The magical moment when Ali came 'home' to Ennis
Published 06/06/2016 | 02:30
It was the image that resonated most when 'The Greatest' came to visit his ancestral home.
Muhammad Ali was sitting in the back of a car preparing to leave the Turnpike area of Ennis, having just met other descendants of his great grandfather, Abe Grady.
Outside the Audi, thousands were cheering and applauding - they had just met the world's most legendary sportsman and as far as all of Clare was concerned, he was as much one of their own as Patrick Hillery or Brian Boru. Carefully cradled in Ali's hands was a glass bowl and piece of sod from Turnpike. The gaze of the 67-year-old was intently fixed on the mementos just presented to him, and a tear rolled from his eye.

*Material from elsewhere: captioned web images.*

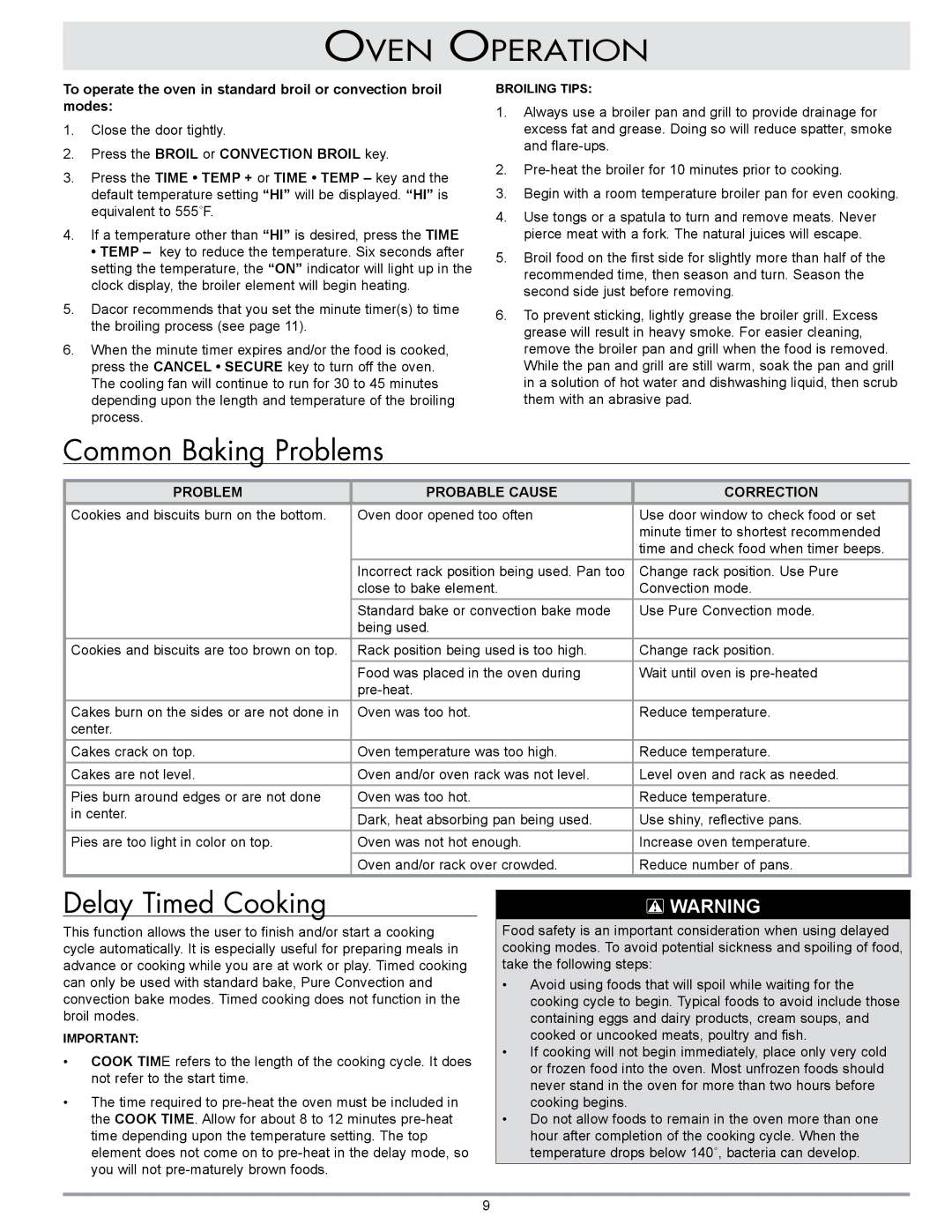 GE PCD, ECS, PCS, ECD, MCD, MCS manual Common Baking Problems, Delay Timed Cooking 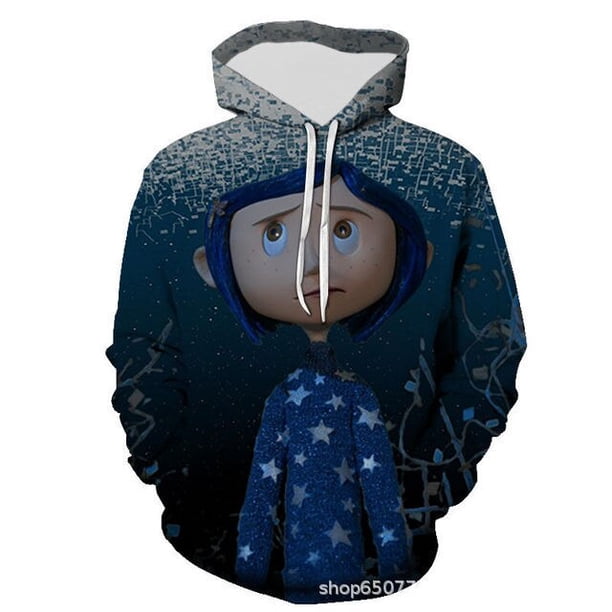 Cosplay Coraline Sudadera con capucha para niños Sudaderas con capucha con estampado 3D Niños Niñas Dibujos animados Anime Jerseys Niños pequeños Sudaderas Tops AbrigoLMWY-073096niños150cm Deng Xun unisex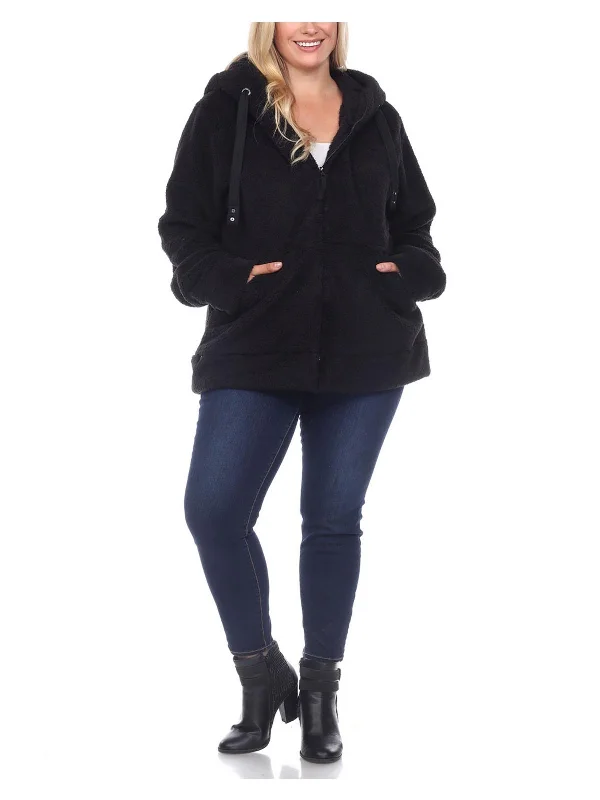 Plus Womens Sherpa Hooded Fleece Jacket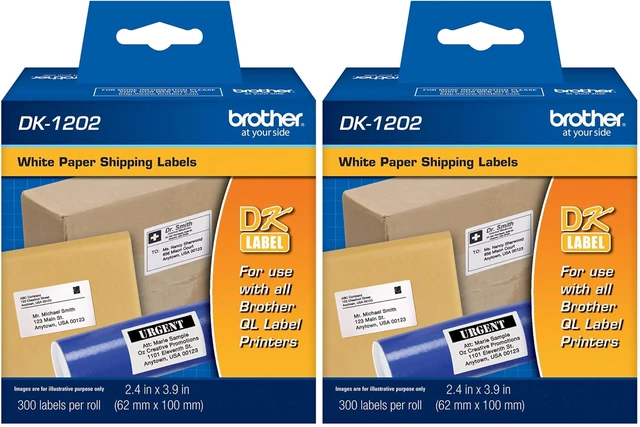 Main image of Genuine DK-1202 Die-Cut Shipping Paper Labels, Long Lasting Reliability, 300 Labels Per Roll, (1) Roll per Box (Pack of 2)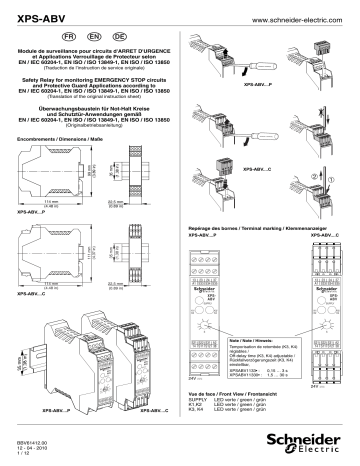 Schneider Electric XPSABV Safety Relay Instruction Sheet Manualzz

Standing nearby was then Mayor of Ennis, Frankie Neylon, who had just made Ali the town's first honorary freeman.
"It was absolutely a magical moment. It's something that always stays with you," Mr Neylon recalled.
"His wife, Lonnie, was talking for him and she realised the expression in his face. There was no words needed. It's something we'll always cherish," he told the Irish Independent.
The visit on September 1, 2009, had taken months of planning.
"People from all over the country wanted to be in Ennis that day. Media interest from around the world was incredible. I must have done 130 interviews from all over. Everyone wanted to know about Ali visiting the home of his ancestors," Mr Neylon said.
The ceremony at which Ali was presented with his scroll took place at Waterpark House in front of invited guests and distant relatives from Ennis.
But the real party was on the streets outside as his cavalcade slowly drove through Ennis. Mundy, Sharon Shannon, Tommy Fleming, the Kilfenora ceili band, former boxer Mick Dowling and Marty Morrissey kept all entertained at Abbey Street car park. "Ali, Ali, Ali…" was the chant of the day.
The crowds were 10 deep at Turnpike and every vantage point was taken. Trees, walls, porches, rooftops and signposts - anything that could be climbed upon.
Mary Grady Gormley - since deceased - was the great-great grandniece of Abe Grady. "This'll be a very, very late night. This is as good as the All-Irelands in 1995 and '97. We'll be lucky to get home at all," she said at the time.
Here, Ali was presented with a picture of his great-great grandfather's home place.
His wife, Lonnie, said: "It's probably singularly the most exciting days of our lives with regards to visiting a town which has opened its arms totally to Muhammad and adopted him and accepted him as their long-lost son. To visit his ancestral home and visit his distant relatives is an amazing, amazing day."
Before flying home to Kentucky, Ali stopped off at Dromoland Castle, where he met over 200 guests supporting the Alltech-Muhammad Ali Centre Global Education and Charitable Fund. Former Clare senior hurler Gerry Quinn was one of the lucky few to greet him. "To be in his presence was an incredible experience - I was very lucky. He was a legendary sportsman and all here in Clare will always remember the day he came to visit," Mr Quinn said last night.
- Clare County Council will open a Book of Condolence at its office from 11am tomorrow morning.